Dans une étude s'étendant sur dix ans, réalisée par Jungers et coll., sur 1152 patients, la durée du suivi en prédialyse par une équipe néphrologique avait un effet bénéfique significatif sur la morbidité cardiovasculaire et sur la survie à cinq ans en dialyse.9 Des patients suivis pendant
Les inconvénients de l'envoi tardif chez le néphrologue ont été illustrés dans de nombreuses études et déjà abordés dans cette revue.10-14 Son incidence varie selon les centres et les pays, de 26 à 64% de l'ensemble des patients commençant la dialyse.13
Plusieurs mesures peuvent être envisagées.

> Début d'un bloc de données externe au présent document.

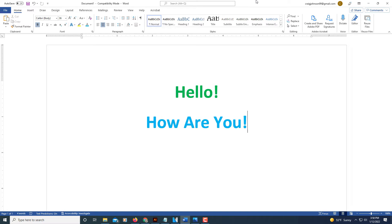Microsoft Word used to have a dark mode or dark theme, whichever you want to call it, and it would darken everything except the sheet you're working on would still be white. But Microsoft has changed that.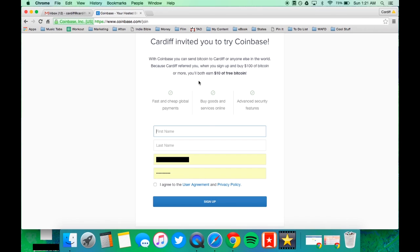And now right here you can see that if you invest a hundred dollars worth of Bitcoin, both you and I will earn ten dollars in free Bitcoin.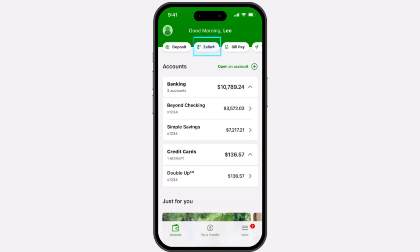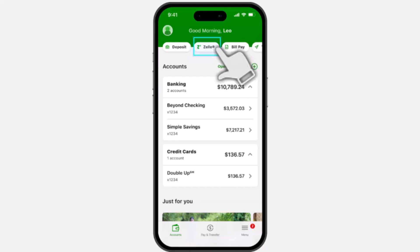To do that, first of all open the TD Bank app on your mobile device and then simply log into your account. Once you've logged in, your home page will look somewhat like this, where you'll have to basically tap on the Zelle option.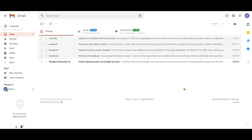Hello everyone, this is Amit Dhan of AmitDhan.com. Today I'll have another episode of Gmail tips and tricks, and I'll talk about how to create and use Gmail templates.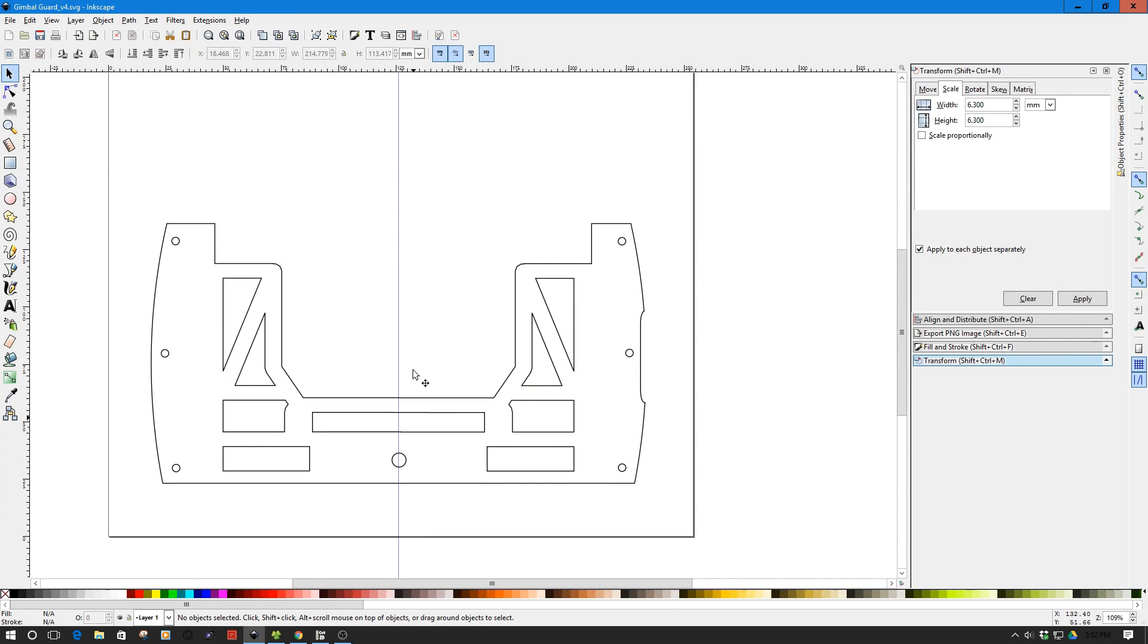Welcome to this edition of DIY3DTech.com. In this episode we're following up part two where we actually take and cut out this gimbal protector on the CNC.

Une meilleure formation des médecins praticiens et des néphrologues
Le concept de néphroprotection et le traitement conservateur de l'insuffisance rénale ont été bien établis, codifiés et diffusés ces dernières années.15-17 Toutefois, Campbell et coll. signalent que 91% des médecins praticiens estiment n'avoir pas reçu une formation suffisante concernant les indications et le moment du transfert des patients chez le néphrologue.18 Dans une enquête par questionnaire auprès de 1924 praticiens en Ontario, Mendelssohn et coll. ont relevé que 79% des praticiens estiment ne pas devoir faire appel au spécialiste pour la mise au point d'une hématurie microscopique, 69% pour la mise au point d'une protéinurie et 89% pour la mise au point d'une créatininémie entre 124 et 150 µmol/l. D'une manière intéressante dans cette enquête, 60% des praticiens n'ont pas répondu et il serait surprenant que les non-répondeurs au questionnaire solliciteraient un avis plus précocement que les praticiens qui ont répondu au questionnaire.19
En Suisse romande, environ 120 à 140 nouveaux patients débutent chaque année un programme de dialyse chronique en raison d'une insuffisance rénale terminale. Les statistiques de la FMH concernant le nombre de médecins praticiens montrent qu'en décembre 2000 il y avait en Suisse romande 2284 médecins praticiens de premier recours (médecine interne 922, diabétologie 58, cardiologie 93, médecine générale 455, pédiatrie 200 et sans FMH 707).20 Ceci signifie qu'un patient avec insuffisance rénale terminale est vu par un médecin praticien à une moyenne d'un patient tous les 18 ans environ. Cette fréquence ne permet pas au médecin praticien d'accumuler une expérience suffisante dans le suivi des patients avec une insuffisance rénale progressive.
Une meilleure collaboration entre médecins praticiens et néphrologues
Un projet pour améliorer cette communication est actuellement en voie de finalisation à l'échelon régional et international. Plusieurs sociétés nationales ou internationales ont publié des recommandations de prise en charge.16,21-23
D'une manière intéressante, une étude prospective canadienne a montré qu'une approche multidisciplinaire est plus efficace que le suivi par le néphrologue seul.3 Une équipe multidisciplinaire permet une information mieux ciblée du patient et de son entourage, offre des démonstrations cliniques, du matériel d'instruction et la possibilité de discussion avec d'autres patients et d'autres professionnels de la santé. Elle permet d'améliorer non seulement la qualité de la prise en charge mais également un choix optimal des modalités thérapeutiques substitutives de l'insuffisance rénale.
Un système de sécurité sociale adapté
Le recours au spécialiste et le non-remboursement de certains médicaments ou prestations (en particulier pour les approches multidisciplinaires) ne devraient pas constituer un frein à l'optimisation des soins aux patients rénaux.
Le suivi des patients avec une maladie rénale progressive n'est pas optimal à l'heure actuelle. La majorité des facteurs responsables de cette constatation ont été identifiés. Plusieurs d'entre eux peuvent être améliorés par des mesures simples.